Because he knew even before he saw men spidering up the side of the ship. Knives held in teeth, pistols in waistbands, swords swinging at hips. He knew those sounds as he knew his own breathing: the grunt was likely Greeber taking a gunstock to the
forehead if not a knife to the gullet, the thump was his body falling hard, and the third was the pirate landing with both feet on the deck of The Fortuna.
Where was Violet?
He hoped to God she was below.
It was the last thought he had before his men swarmed the deck from everywhere on the ship, and the sound of pistols unlocking, swords unsheathing, feet slamming wood planks as they ran for positions of attack and defense. Flint leaped from the foredeck and shoved a boot into the chest of a pirate who had a leg over the side of The Fortuna; his body sent up a spray of water when the sea swallowed him.
His men, bless their sweet black hearts, were nasty, vicious, accomplished fighters and were hacking at any hands that dared cling to the sides of the ship as though they were vines in the jungle, hacking at the ropes they’d used to scale The Fortuna. Screams and oaths, splashes as bodies hit the water followed. The ring of steel against steel, and the brute thud of bodies striking other bodies in combat.
“Guns, Corcoran!” he screamed. “Man them!”
“Aye, sir!” Corcoran swiftly took up his position there.
For where there were pirates there was a ship, and once they fought back these men, it was only a matter of time before the pirates fired on The Fortuna.
Violet and Hercules, below in the heat of the galley, were arguing over how he should prepare the meat for dinner when what sounded like a herd of cattle thundered over their heads.
Violet went still, puzzled, tipping her head back.
But Hercules’s face blanked. His cleaver hovered midair.
And when slowly, slowly his lips curled into a snarl, she understood what hackles were, because hers certainly rose.

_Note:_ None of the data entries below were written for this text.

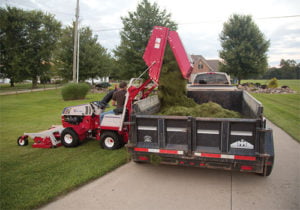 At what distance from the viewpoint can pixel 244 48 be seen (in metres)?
28.7

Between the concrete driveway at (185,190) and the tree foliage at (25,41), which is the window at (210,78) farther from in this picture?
the tree foliage at (25,41)

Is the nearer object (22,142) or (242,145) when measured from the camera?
(242,145)

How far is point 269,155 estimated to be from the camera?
3.64 metres

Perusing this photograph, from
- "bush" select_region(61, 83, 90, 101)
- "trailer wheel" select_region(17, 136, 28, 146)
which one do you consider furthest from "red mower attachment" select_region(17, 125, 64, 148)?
"bush" select_region(61, 83, 90, 101)

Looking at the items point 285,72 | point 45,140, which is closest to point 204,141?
point 45,140

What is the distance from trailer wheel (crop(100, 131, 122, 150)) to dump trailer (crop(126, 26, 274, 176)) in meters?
1.80

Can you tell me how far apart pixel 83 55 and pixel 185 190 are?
82.1 ft

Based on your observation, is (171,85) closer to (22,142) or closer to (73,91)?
(22,142)

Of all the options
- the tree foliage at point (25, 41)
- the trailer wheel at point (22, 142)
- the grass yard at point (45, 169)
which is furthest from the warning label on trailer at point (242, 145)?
the tree foliage at point (25, 41)

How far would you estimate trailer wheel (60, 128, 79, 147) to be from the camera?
6.54 metres

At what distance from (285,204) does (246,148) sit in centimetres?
98

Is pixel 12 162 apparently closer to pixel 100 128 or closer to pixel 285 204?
pixel 100 128

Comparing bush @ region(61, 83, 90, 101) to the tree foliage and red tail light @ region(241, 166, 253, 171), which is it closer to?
the tree foliage

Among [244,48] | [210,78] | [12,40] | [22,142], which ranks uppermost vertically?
[12,40] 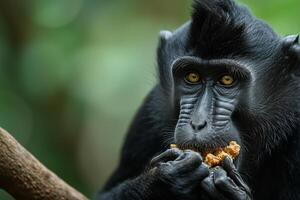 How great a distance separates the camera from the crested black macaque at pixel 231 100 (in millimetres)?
5676

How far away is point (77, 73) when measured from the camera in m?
10.4

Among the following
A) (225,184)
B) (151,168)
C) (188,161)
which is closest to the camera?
(225,184)

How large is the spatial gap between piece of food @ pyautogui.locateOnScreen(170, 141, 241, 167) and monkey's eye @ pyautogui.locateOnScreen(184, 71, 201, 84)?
24.3 inches

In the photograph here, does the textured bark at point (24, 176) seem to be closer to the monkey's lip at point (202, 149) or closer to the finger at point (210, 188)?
the monkey's lip at point (202, 149)

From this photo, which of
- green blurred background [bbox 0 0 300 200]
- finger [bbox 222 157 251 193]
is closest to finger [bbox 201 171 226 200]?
finger [bbox 222 157 251 193]

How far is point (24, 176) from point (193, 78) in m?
1.61

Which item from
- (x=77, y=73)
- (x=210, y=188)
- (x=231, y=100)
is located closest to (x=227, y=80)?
(x=231, y=100)

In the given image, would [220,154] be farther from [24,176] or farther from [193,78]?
[24,176]

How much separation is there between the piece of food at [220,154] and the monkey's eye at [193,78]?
62cm

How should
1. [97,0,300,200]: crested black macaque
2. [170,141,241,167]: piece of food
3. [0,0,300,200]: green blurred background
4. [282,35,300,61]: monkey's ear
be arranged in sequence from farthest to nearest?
[0,0,300,200]: green blurred background, [282,35,300,61]: monkey's ear, [97,0,300,200]: crested black macaque, [170,141,241,167]: piece of food

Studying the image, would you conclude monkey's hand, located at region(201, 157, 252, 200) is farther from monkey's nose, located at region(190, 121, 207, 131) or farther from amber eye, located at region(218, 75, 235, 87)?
amber eye, located at region(218, 75, 235, 87)

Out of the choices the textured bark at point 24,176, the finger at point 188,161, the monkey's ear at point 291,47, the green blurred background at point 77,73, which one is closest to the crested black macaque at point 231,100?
the monkey's ear at point 291,47

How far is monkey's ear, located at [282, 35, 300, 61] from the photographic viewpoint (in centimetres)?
627

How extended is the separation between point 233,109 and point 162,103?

“What is it?” she asked faintly.
And then they heard screams, muffled through the layers of the ship.
He dropped the cleaver with a clatter, and dove beneath the table, emerging with something she’d never seen before: a scimitar, longer than his arm, with an edge sharpened for death. The blade flirted arrogantly with the dim lantern light. Winking.
The knife slipped from her hand. Her palms were clammy with terror.